Sorry for the slacking Short List fans, but I've got a laundry list of links for you this morning.
- Libyan rebels contemplate a de facto two state stalemate after recent military defeats.
- Gbagbo "on the brink" of yielding power in the Ivory Coast albeit from a bunker. In case he has second thoughts, forces loyal to Ouatara have launched an attack(NYT) against Mr. Gbagbo's bunker.
- Yemeni president Saleh continues to look for an exit, but is adamant about departing his way.
- SecDef Gates is in Saudi Arabia today to meet with King Abduallah. Reportedly on the agenda is a discussion of a US-KSA arms deal. Decidely not on the agenda, is a discussion of KSA's military intervention in Bahrain last month.
- Michel "Sweet Mickey" Martelly has been declared the winner of the presidential election in Haiti. His election is a watershed moment in Haiti's political movement, but Haiti remains a country with a broken infrastructure, if filled with resilient people.
- The federal government careens toward a shutdown as a summit at the White House yesterday yielded nothing, except Speaker Boehner suggesting he'll pursue another $7 billion in cuts past the $33 billion that had been floated around a week ago.

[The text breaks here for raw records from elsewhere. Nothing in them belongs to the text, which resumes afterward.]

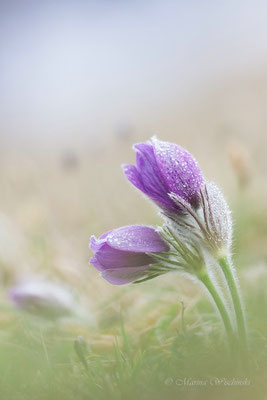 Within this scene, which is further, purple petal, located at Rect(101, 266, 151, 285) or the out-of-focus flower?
the out-of-focus flower

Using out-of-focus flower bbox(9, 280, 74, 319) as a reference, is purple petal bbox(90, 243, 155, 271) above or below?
below

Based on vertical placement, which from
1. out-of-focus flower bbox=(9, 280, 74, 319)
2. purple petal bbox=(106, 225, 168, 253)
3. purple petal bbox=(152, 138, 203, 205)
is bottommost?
purple petal bbox=(106, 225, 168, 253)

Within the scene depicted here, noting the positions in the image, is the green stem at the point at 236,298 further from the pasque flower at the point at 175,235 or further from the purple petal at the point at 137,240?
the purple petal at the point at 137,240

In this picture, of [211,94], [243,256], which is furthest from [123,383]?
[211,94]

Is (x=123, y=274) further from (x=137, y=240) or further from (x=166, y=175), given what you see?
(x=166, y=175)

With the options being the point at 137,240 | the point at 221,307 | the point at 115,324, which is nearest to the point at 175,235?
the point at 137,240

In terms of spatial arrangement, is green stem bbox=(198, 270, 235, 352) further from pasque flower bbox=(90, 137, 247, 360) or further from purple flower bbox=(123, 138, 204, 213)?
purple flower bbox=(123, 138, 204, 213)

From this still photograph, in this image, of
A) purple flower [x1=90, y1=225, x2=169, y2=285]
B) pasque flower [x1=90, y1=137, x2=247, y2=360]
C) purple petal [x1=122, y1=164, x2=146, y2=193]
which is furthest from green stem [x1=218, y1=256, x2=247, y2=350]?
purple petal [x1=122, y1=164, x2=146, y2=193] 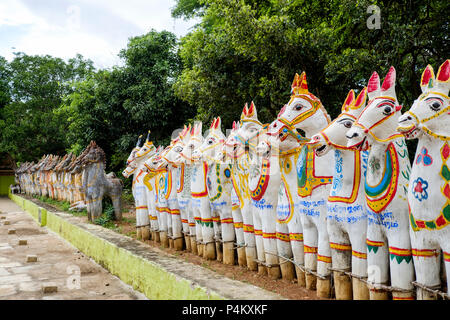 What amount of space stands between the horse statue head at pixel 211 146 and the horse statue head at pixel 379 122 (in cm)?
309

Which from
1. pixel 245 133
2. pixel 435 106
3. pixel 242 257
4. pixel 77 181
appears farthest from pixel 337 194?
pixel 77 181

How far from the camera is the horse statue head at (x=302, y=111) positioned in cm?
493

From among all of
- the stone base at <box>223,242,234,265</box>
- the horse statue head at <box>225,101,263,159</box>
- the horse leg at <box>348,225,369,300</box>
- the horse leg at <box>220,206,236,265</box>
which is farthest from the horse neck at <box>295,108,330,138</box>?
the stone base at <box>223,242,234,265</box>

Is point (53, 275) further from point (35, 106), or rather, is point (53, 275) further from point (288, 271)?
point (35, 106)

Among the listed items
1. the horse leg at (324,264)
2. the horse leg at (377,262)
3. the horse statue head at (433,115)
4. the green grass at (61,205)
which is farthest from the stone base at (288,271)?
the green grass at (61,205)

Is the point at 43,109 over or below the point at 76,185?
over

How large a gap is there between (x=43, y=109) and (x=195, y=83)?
22.1 meters

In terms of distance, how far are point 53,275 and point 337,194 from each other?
5594mm

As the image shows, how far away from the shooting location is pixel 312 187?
4.77m

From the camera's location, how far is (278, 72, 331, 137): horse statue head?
4.93 meters

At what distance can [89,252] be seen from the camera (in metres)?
8.95

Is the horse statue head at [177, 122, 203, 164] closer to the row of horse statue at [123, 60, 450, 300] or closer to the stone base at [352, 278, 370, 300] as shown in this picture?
the row of horse statue at [123, 60, 450, 300]

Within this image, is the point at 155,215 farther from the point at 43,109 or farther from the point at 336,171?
the point at 43,109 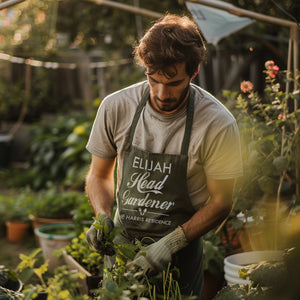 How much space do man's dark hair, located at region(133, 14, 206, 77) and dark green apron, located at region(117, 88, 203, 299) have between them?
10.3 inches

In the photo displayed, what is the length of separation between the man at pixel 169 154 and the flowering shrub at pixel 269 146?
2.85ft

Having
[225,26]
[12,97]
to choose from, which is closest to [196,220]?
[225,26]

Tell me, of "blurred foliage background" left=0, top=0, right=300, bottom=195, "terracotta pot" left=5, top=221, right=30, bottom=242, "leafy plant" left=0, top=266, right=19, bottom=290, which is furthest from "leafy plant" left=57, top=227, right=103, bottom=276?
"blurred foliage background" left=0, top=0, right=300, bottom=195

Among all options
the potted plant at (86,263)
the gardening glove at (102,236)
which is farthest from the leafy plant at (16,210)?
the gardening glove at (102,236)

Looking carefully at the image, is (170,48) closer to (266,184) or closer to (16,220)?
(266,184)

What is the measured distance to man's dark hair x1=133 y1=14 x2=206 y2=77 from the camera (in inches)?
82.7

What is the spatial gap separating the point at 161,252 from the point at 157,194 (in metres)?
0.36

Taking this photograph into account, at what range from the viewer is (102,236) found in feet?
7.24

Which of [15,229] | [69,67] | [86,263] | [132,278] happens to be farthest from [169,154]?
[69,67]

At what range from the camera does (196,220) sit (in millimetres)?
2273

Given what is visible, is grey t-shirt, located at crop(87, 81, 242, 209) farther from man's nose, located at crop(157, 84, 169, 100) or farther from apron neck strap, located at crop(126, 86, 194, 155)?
man's nose, located at crop(157, 84, 169, 100)

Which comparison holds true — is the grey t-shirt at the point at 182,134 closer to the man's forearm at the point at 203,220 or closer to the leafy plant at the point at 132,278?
the man's forearm at the point at 203,220

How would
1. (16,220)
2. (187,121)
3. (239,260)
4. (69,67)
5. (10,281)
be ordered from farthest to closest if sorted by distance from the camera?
(69,67) < (16,220) < (239,260) < (10,281) < (187,121)

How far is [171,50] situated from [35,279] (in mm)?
2706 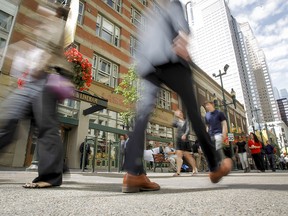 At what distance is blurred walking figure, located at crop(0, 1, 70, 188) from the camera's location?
2.18m

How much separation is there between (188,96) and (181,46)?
57 cm

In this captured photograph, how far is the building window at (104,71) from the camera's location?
50.6 ft

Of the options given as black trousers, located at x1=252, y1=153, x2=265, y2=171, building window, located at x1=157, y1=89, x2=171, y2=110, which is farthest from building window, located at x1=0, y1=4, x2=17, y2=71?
black trousers, located at x1=252, y1=153, x2=265, y2=171

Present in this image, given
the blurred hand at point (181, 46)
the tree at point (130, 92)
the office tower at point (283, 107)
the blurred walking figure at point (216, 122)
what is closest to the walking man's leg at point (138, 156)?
the blurred hand at point (181, 46)

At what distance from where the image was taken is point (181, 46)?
7.90 ft

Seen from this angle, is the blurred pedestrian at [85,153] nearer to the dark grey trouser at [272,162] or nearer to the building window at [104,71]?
the building window at [104,71]

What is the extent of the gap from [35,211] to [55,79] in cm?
161

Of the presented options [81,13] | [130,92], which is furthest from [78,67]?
[81,13]

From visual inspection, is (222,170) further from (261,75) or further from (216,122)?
(261,75)

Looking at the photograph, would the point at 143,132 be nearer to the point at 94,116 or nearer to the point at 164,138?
the point at 94,116

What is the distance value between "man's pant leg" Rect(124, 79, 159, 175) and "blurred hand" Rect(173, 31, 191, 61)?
49 centimetres

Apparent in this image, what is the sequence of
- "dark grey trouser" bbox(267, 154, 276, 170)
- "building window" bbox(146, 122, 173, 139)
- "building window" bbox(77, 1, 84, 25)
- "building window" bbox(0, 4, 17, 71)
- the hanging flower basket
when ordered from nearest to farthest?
the hanging flower basket < "dark grey trouser" bbox(267, 154, 276, 170) < "building window" bbox(0, 4, 17, 71) < "building window" bbox(77, 1, 84, 25) < "building window" bbox(146, 122, 173, 139)

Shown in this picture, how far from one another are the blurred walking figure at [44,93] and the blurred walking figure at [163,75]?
0.82m

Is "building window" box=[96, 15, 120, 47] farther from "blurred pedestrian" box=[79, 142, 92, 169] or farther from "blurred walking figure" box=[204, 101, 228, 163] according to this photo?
"blurred walking figure" box=[204, 101, 228, 163] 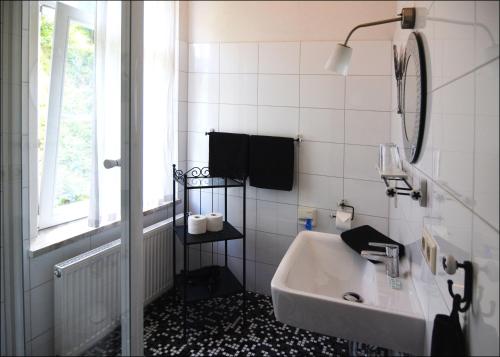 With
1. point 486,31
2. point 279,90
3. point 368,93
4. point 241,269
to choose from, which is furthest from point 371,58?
point 241,269

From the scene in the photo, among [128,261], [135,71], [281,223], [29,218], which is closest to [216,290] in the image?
[281,223]

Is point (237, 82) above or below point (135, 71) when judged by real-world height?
above

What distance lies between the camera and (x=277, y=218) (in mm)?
2318

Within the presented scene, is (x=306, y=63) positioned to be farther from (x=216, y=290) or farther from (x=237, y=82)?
(x=216, y=290)

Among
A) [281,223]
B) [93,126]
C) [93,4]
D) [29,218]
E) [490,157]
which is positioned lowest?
[281,223]

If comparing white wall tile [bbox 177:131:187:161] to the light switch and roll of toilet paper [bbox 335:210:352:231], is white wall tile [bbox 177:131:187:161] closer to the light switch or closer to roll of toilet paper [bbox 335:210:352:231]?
the light switch

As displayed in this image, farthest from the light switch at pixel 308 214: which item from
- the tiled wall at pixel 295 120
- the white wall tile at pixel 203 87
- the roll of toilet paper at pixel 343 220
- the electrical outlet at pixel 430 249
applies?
the electrical outlet at pixel 430 249

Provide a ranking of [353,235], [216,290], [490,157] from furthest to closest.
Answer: [216,290] → [353,235] → [490,157]

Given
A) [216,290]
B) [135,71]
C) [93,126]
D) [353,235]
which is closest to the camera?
[135,71]

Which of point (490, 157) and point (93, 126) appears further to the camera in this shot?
point (93, 126)

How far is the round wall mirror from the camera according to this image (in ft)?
3.35

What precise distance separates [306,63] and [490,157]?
1.75m

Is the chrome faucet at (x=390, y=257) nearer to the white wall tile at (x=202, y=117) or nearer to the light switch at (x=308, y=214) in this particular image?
the light switch at (x=308, y=214)

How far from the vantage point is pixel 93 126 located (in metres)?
1.14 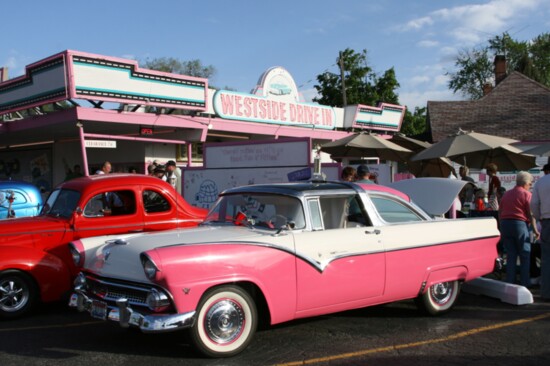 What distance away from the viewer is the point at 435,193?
795 cm

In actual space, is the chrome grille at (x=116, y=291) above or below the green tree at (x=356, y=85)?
below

- Even as the budget fight over FY2011 rages, the fight over FY2012 begins. Rep. Paul Ryan has unveiled the Republican budget proposal for 2012, but it goes way beyond that as the proposal seeks to end Medicare and Medicaid as people have known them for year. Here are articles from The Washington Post and The Economist, as well as, Rep. Ryan's op-ed in WSJ. Ezra Klein breaks down the key points of the proposal. Fact Checker explores if Rep. Ryan's rhetoric matches the facts. The CBO has a preliminary analysis that indicates seniors would pay more under Ryan's plan versus existing Medicare and Medicaid recipients would simply receive less aid. Paul Krugman considers the Heritage Foundation's employment projections if Ryan's plan is implemented. Matt Yglesias on why we should question promises made by the Heritage Foundation.
- Finally, this is a MUST READ article on the role Islamist fundamentalism in the context of the Arab Spring from The Economist. If you know next to nothing on this subject, you should read this.
Monday, April 4, 2011
- The situation in Libya muddles on as the rebels try to find a leader or three(NYT), while their military effort has stalled. However, the rebellion may be having some effect as emissaries for Qaddafi have met with leaders in Greece and plan to meet leaders in Turkey.
- In the Ivory Coast, the UN has decided to relocate 200 civilian workers after days of sniper fire and harassment by pro-Gbagbo forces. Meanwhile, French forces have locked down the airport in Abidjan.
- In an apparent shift, the Obama administration is quietly seeking the removal(NYT) of President Saleh in Yemen.
- Protests entered their third day in Afghanistan, after people took to the streets to protest a Florida pastor's burning of the Koran. As if further evidence was necessary, the pastor appears to be an egomanical leader requiring cult like obedience from his followers, the number of which have dwindled since the Koran incident.
- A government shutdown is looming for Friday unless a budget deal can be worked out, but Congress remains publicly divided even as the staff of the House and Senate Appropriations Committees seek compromise, continuing the Kabuki theater of Washington, where admitting to seek compromise is tantamount to defeat.
- President Obama, almost a little surprisingly (snark intended), has announced he will seek the Democratic nomination for President in 2012. Though widely expected, what's unexpected is that President Obama would officially declare his candidacy before any major Republican candidate would do the same.